Short web captions:
★ ★ ★ ★ ★ ★ ★

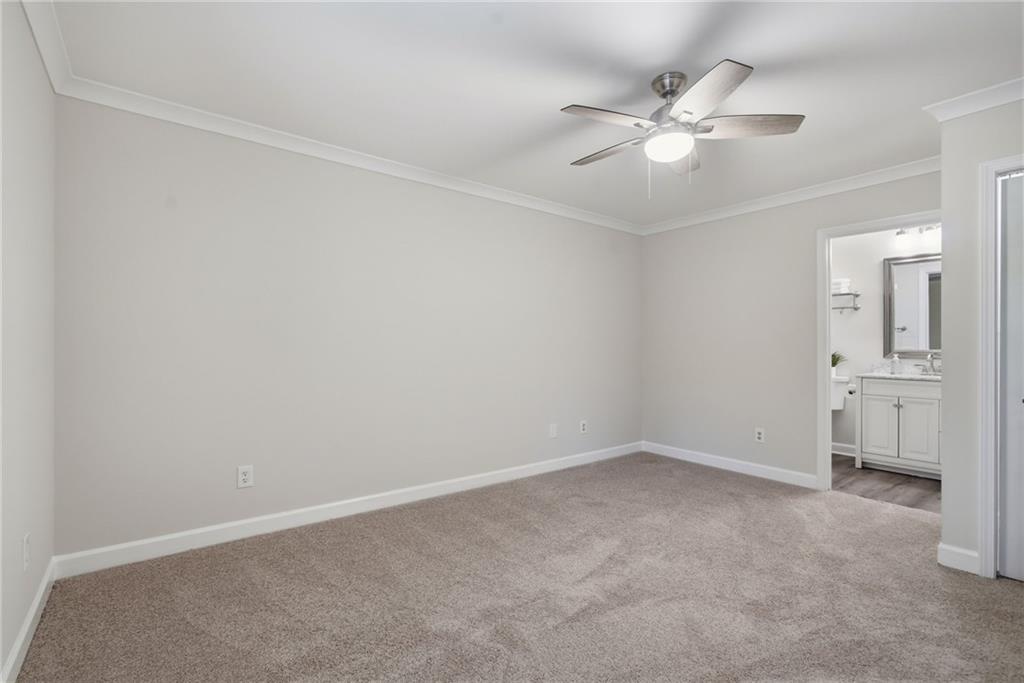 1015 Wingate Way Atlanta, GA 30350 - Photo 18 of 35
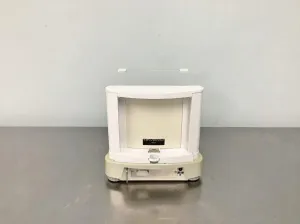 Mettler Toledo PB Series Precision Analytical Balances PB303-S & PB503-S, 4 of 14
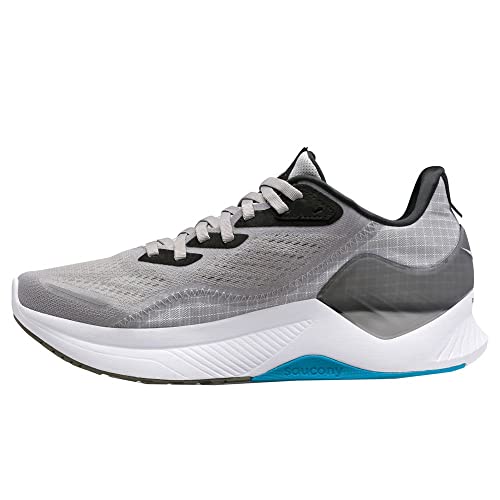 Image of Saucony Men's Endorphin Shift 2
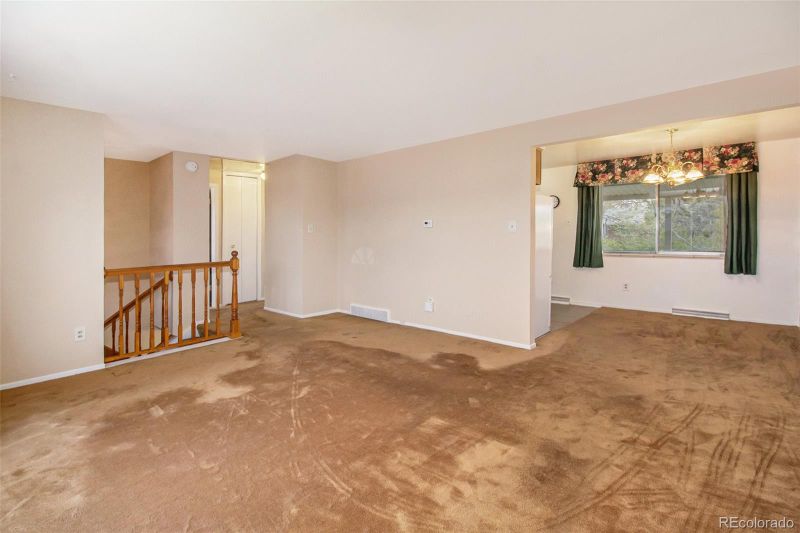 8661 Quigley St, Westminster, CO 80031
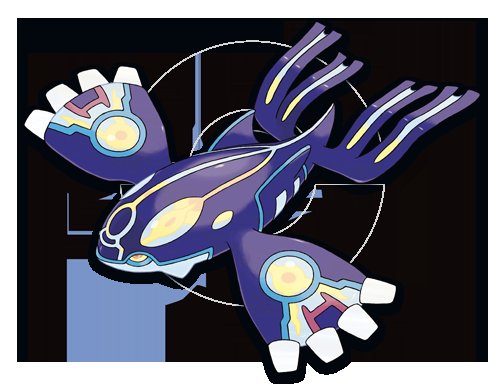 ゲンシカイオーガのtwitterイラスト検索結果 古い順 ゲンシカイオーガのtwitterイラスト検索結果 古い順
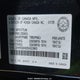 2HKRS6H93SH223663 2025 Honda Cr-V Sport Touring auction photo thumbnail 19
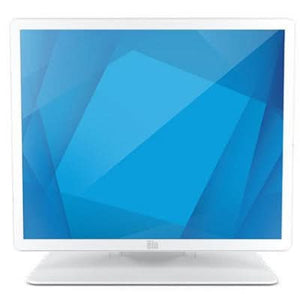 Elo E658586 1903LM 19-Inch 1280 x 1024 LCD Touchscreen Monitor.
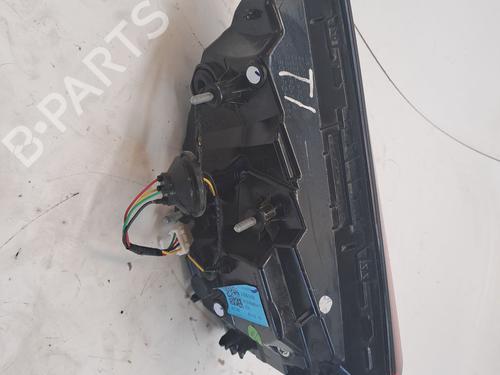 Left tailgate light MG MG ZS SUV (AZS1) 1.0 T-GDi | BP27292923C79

★ ★ ★ ★ ★ ★ ★

* [Task description]: Without any pictures, please write out the lines from the one containing "Image of Saucony Men's Endorphin Shift 2" through the final line of the data, exactly and inclusive of both ends.

* [Reply to the task]:
 Image of Saucony Men's Endorphin Shift 2
 8661 Quigley St, Westminster, CO 80031
 ゲンシカイオーガのtwitterイラスト検索結果 古い順 ゲンシカイオーガのtwitterイラスト検索結果 古い順
 2HKRS6H93SH223663 2025 Honda Cr-V Sport Touring auction photo thumbnail 19
 Elo E658586 1903LM 19-Inch 1280 x 1024 LCD Touchscreen Monitor.
 Left tailgate light MG MG ZS SUV (AZS1) 1.0 T-GDi | BP27292923C79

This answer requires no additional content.